FOUR convicted killers housed in the condemned section of the Port of Spain prison at Frederick Street for decades have had their death sentences vacated.
In declaring that any attempt to carry out the death sentence on the four would be in contravention of their constitutional rights, Justice Margaret Mohammed ordered that they be immediately removed from death row.
She also ordered that the four be resentenced by a judge in the Criminal Assizes.
Mohammed will also assess damages due to them for the breaches of their rights at a later date and ordered their attorneys to file submissions on the issue in November 2023 and January 2024.

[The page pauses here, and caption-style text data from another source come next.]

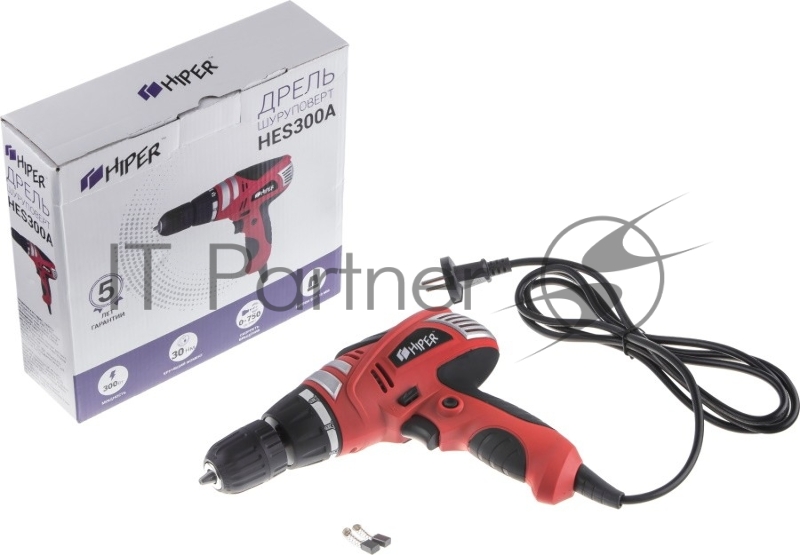 Шуруповерт сет. HIPER 300Вт, 26Нм, 0 - 2800об/мин, БЗП 10мм, коробка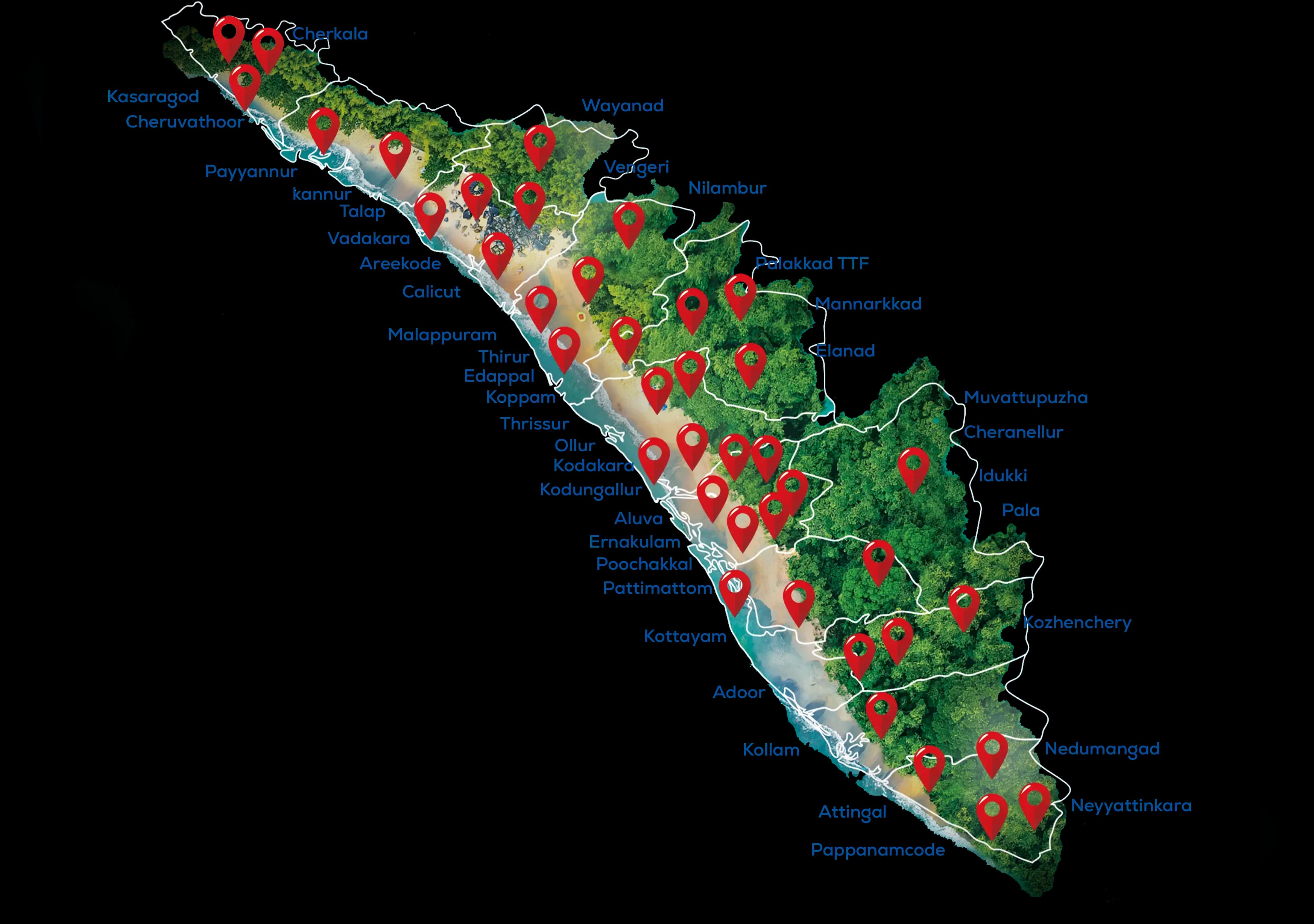 Map of Kerala marking all Elanadu branches, from Kasaragod in the north to Neyyattinkara in the south
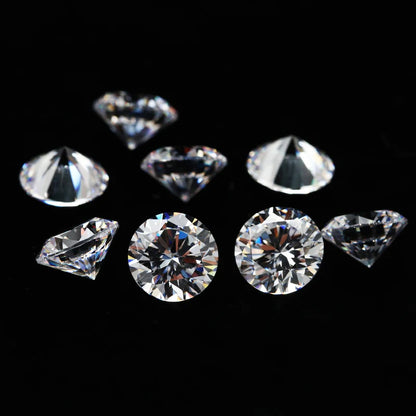 Moissanite en vrac de taille ronde cultivée en laboratoire. 5 pièces. Vente en gros.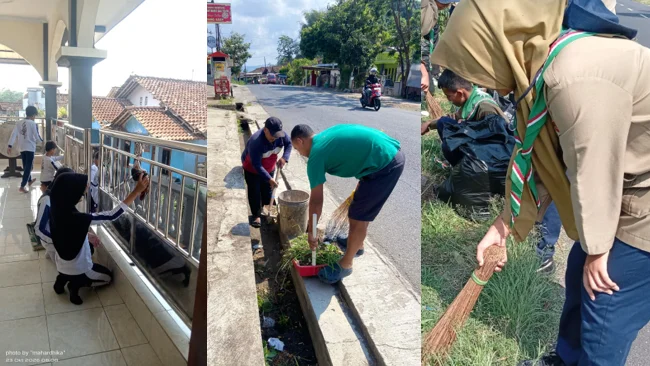 Gerakkan Semangat Jum’at Pon, PCM Kandangan Bersama Ranting dan Seluruh AUM Gelar Aksi Bersih Lingkungan Serentak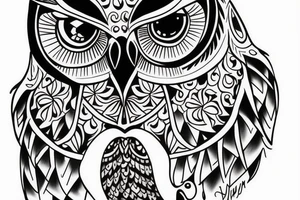 Owl looking forward tattoo idea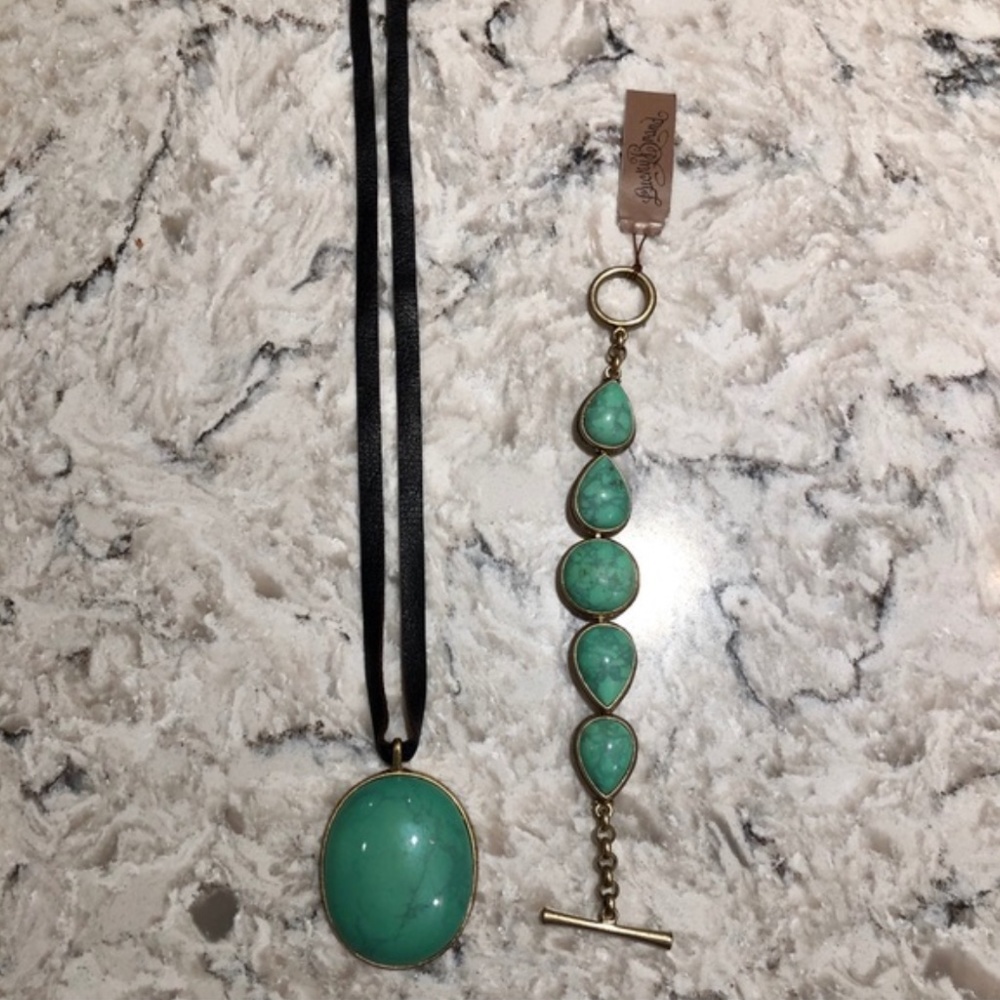 Lucky Brand Turquoise Necklace and Bracelet
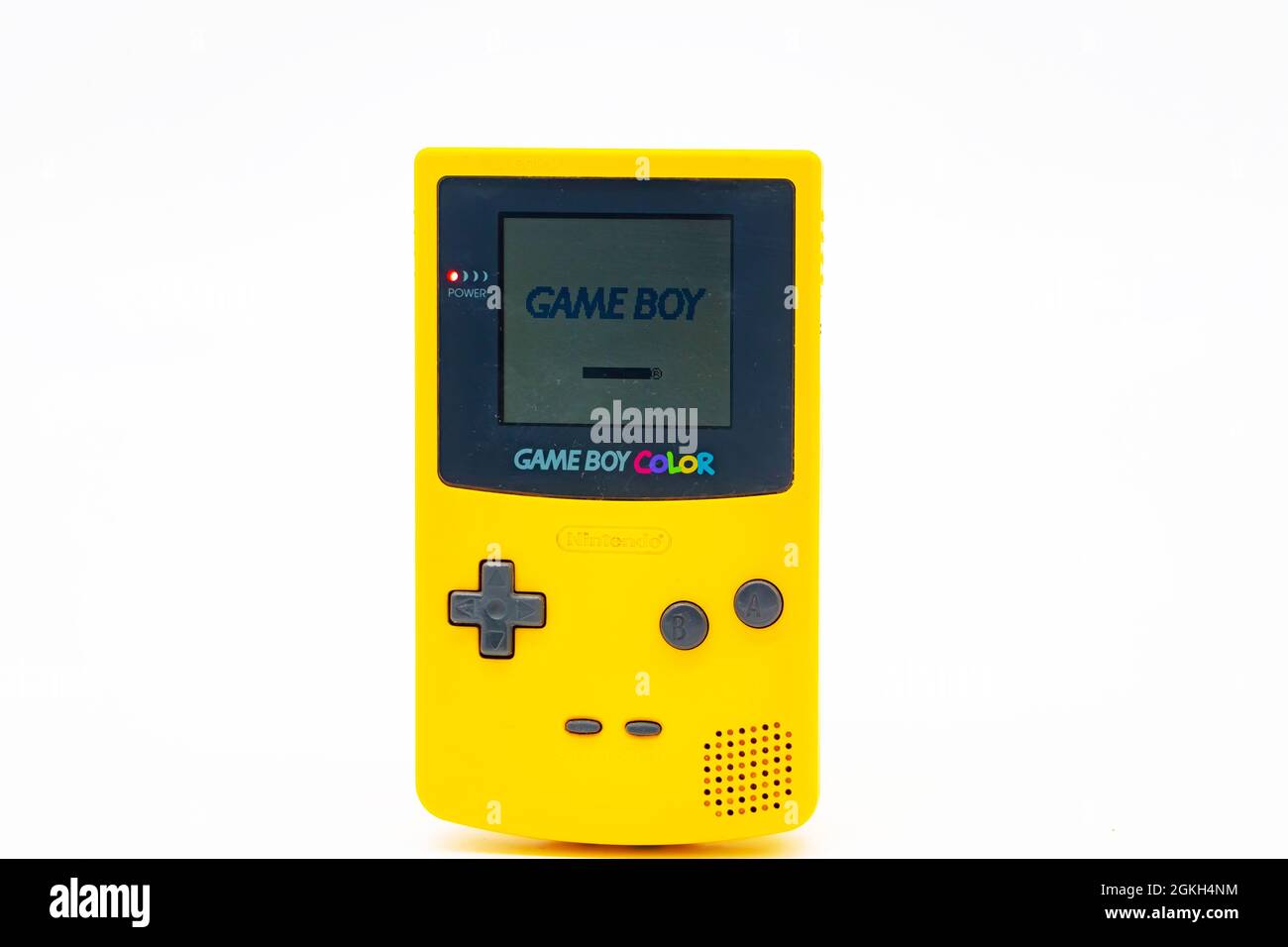 Gelbes Nintendo Gameboy Color Handheld-Gerät Stockfoto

The orders were made on Friday.
The four who will now receive compensation from the State for the lengthy delay to execute them are Garvin Sookram, Jay Chandler, Keron Lopez and Mukesh Chandradath, who each filed constitutional motions alleging their rights were beached.
They are represented by attorneys Gerald Ramdeen, Wayne Sturge, Dayadai Harripaul and Nerisa Bala.
Each man presented the court with an affidavit detailing their complaints. Sookram, 48, has been on death row for 14 years, five months and six days, awaiting execution.
Chandler, 44, has been in the condemned section for 12 years; Lopez for 14 years, five months and six days and Chandradath for 12 years, two months and 19 days.
The men said being on death row for more than a decade has robbed them of the opportunity to prove to a court that they have served a satisfactory period of time to satisfy the requirements of retribution and deterrence.
“I would like an opportunity to prove to a court of law that I have served a proportionate and just punishment that equates to the crime that I was found guilty of committing,” one of the men said in their affidavits.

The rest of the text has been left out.